Hope me make a decent webcam for an online life drawing course!
March 27, 2020 12:56 PM   Subscribe

I'm setting-up a studio space to help some local colleges, universities and sketch groups continue their life drawing classes / sessions during these coronavirus days by live streaming a life model to their students and artists, eg. via Zoom.

I think I can do better than the Microsoft LifeCam Studio I currently have, but I want to do it cheaply.

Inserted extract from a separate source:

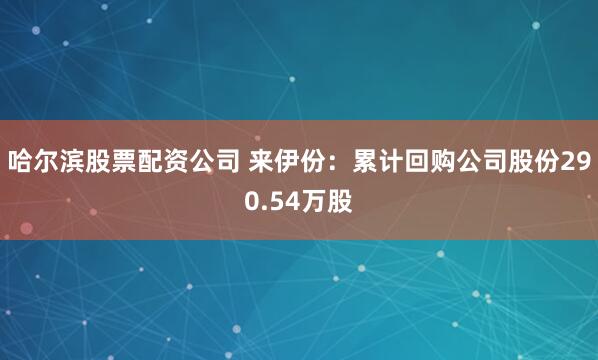 哈尔滨股票配资公司 来伊份：累计回购公司股份290.54万股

I have a bunch of good Nikor and Olympus lenses, including standard 50 mm's. Since (I think) the optics would be the most expensive part of the setup, I'm hoping I can find a good used mirrorless Nikon or Olympus body I can attach to, that would output streaming video to my laptop via USB.

Whatever free or cheap software is available would also be needed.

I'm thinking 720p min, ideally 1080p.

I can make the space as well lit as needs be, and I need a depth-of-field of 6 ft max.

Frame rate shouldn't be critical (I think).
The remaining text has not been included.